- UN Photo of Aurelio Caicedo Ayerbe

14th Permanent Representative of Colombia to the United Nations
- In office 13 September 1973 – 2 October 1975
- President: Misael Pastrana Borrero (1973–1974); Alfonso López Michelsen (1974–1975);
- Preceded by: Augusto Espinosa Valderrama
- Succeeded by: Germán Zea Hernández

Senator of Colombia
- In office 20 July 1962 – 20 July 1966

Colombia Ambassador to the Holy See
- In office 11 December 1955 – 15 July 1957
- President: Gustavo Rojas Pinilla
- Preceded by: José Antonio Montalvo
- Succeeded by: Carlos Arango Vélez

Minister of National Education
- In office 7 August 1954 – 26 August 1955
- President: Gustavo Rojas Pinilla
- Preceded by: Daniel Henao Henao
- Succeeded by: Gabriel Betancur Mejía

7th Minister of Labour
- In office 13 June 1953 – 7 August 1954
- President: Gustavo Rojas Pinilla
- Preceded by: Raimundo Emiliani Román
- Succeeded by: Cástor Jaramillo Arrubla

Member of the Chamber of Representatives
- In office 20 July 1951 – 13 June 1953
- Constituency: Cauca

Personal details
- Born: 4 May 1921 Popayán, Cauca, Colombia
- Died: 23 July 1998 Bogotá, Cundinamarca, Colombia
- Spouse: Luz Marina Cruz Lozada (1955–1998)
- Children: Pablo Caicedo Cruz; Andrés Caicedo Cruz; Santiago Caicedo Cruz;
- Education: University of Cauca (LLD)
- Profession: Lawyer
- Awards: List of Awards Order of Orange-Nassau – The Netherlands Civil Order of Alfonso X, the Wise – Spain Papal Order of Piana – Holy See Order of Boyacá – Colombia

= Aurelio Caicedo Ayerbe =

Colombian lawyer and diplomat

Aurelio Caicedo Ayerbe (4 May 1921 – 23 July 1998) was a Colombian lawyer and diplomat.
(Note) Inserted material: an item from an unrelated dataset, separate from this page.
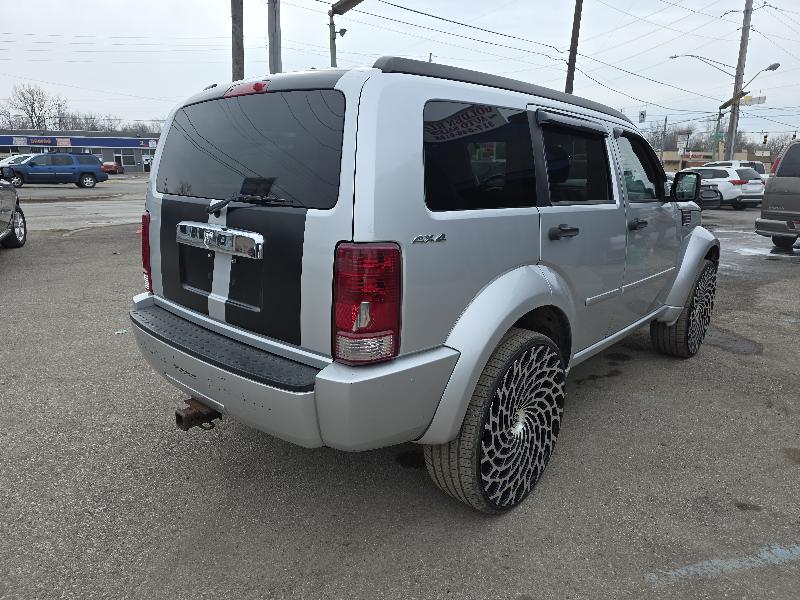 Dodge Nitro SXT 4WD 2010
He served as the 14th Permanent Representative of Colombia to the United Nations and as Ambassador of Colombia to the Holy See.

==Personal life==
In 1955, while serving as Minister of National Education, Caicedo married the former Miss Colombia 1953, Luz Marina Cruz Lozada, in the city of Cali. Together they had three children: Pablo, Andrés, and Santiago.